What is the Octo 3-Batch Test?
A supplier's production capability is measured across three independent batches taken at different points in the order lifecycle. Each batch tests a different question. All three must match the spec for the supplier to enter regular rotation.
| Batch | When | What it tests | What you compare against |
|---|---|---|---|
| 1. Paid sample | Before the master agreement is signed | Does the factory exist? Can they produce a unit at all? | Spec sheet — material, tolerances, finish, packaging |
| 2. Pilot run (10–20% of master order) | After PO is signed; before full production runs | Can the line actually produce at order-volume rate? | The approved Batch 1 sample as the golden sample |
| 3. Random pull from the 2nd or 3rd full order | After the relationship is in regular rotation | Are they cutting corners as they get comfortable? | Both Batch 1 (golden sample) and Batch 2 (pilot retain) |
Weak suppliers rarely fail at the sample. They fail at the third batch — when the QA pressure relaxes, the discount raw materials enter the line, or the factory subcontracts to a partner you have never visited.
Why does Batch 1 lie?
Three reasons, in order of how often we see the pattern in seller reports.
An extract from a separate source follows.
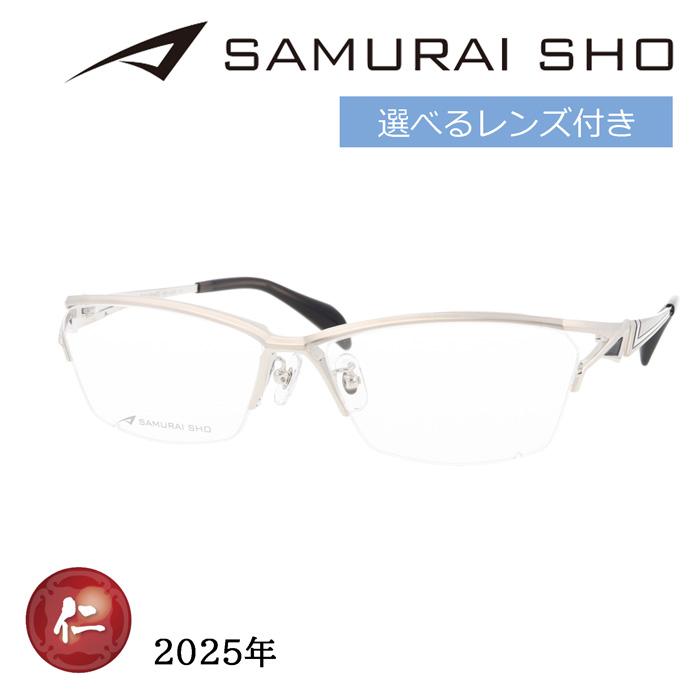 glarela1本のお値段です。2本目 ZX2｜テルワールド（NTT中古ビジネスフォン販売店）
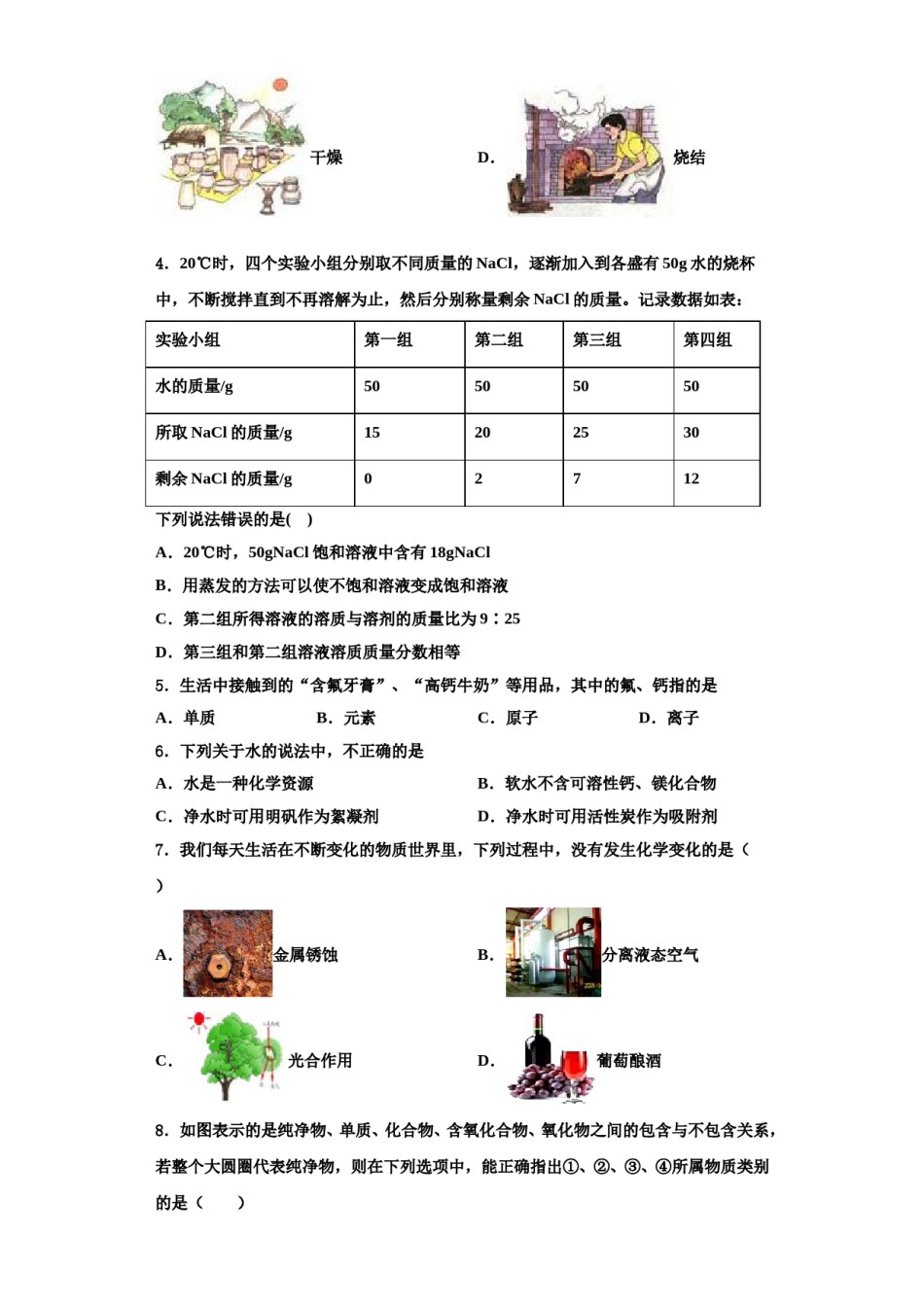 2023-2024学年河南省信阳市浉河区第九中学化学九上期中复习检测试题含解析.doc_第2页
Many factories assign stronger operators to samples, especially when the sample is used to win the order. The unit you receive may not be produced by the rotation that runs your master order. It is often produced by the senior operators the factory uses for sales-critical work. The stitching is tighter, the prints are crisper, the assembly tolerances are tighter — because the people doing the work are the factory's best, not their average. The pattern shows up across categories: r/EntrepreneurRideAlong reported hoodie samples with crisp embroidery and printing, then a master order with foam plastisol showing through and stitching going lazy on the second batch.
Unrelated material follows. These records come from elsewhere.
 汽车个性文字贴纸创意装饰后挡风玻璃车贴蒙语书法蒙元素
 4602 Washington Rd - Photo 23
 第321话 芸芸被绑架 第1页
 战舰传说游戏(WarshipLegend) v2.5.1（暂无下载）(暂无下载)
Factories often pull better-controlled material lots for samples than for ordinary production runs. Yarn lots, plastic resin batches, electronics components — the lot used for the sample is often the lot that scored well on the factory's recent QC pulls. Production runs on the next-best lot, which is statistically guaranteed to be different. For commodity products this gap is small. For brand-sensitive products (apparel, cosmetics, packaging), the gap is the gap between "looks premium" and "looks cheap."
A nominal supplier may subcontract before they commit. A supplier you found on Alibaba may be a trading company that subcontracts production. The sample comes from one factory; the master order from a partner you have not visited. The cluster-geography mismatch from Octo's 3-Consistency Rule maps directly here — a Shenzhen "manufacturer" producing a hoodie has likely subcontracted to a Foshan or Guangzhou apparel partner, and the QC chain breaks at the handoff.
What does "golden sample" actually mean?
A golden sample is the approved Batch 1 unit that becomes the reference standard for every subsequent batch. The factory keeps one, you keep one, and your inspector (Bureau Veritas, SGS, or Intertek) compares Batch 2 and Batch 3 against the retain. Without a golden sample retained on both sides, every dispute becomes a "your-word-against-mine" because the spec sheet alone cannot capture the look-feel-finish details that buyers are actually paying for.
The protocol that works: order Batch 1, approve in writing, sign and date both physical units (yours and the factory's), photograph both, and lock the spec sheet at the version that matched. Any drift from the golden in Batch 2 or Batch 3 is a defect — even if the spec sheet alone would not catch it.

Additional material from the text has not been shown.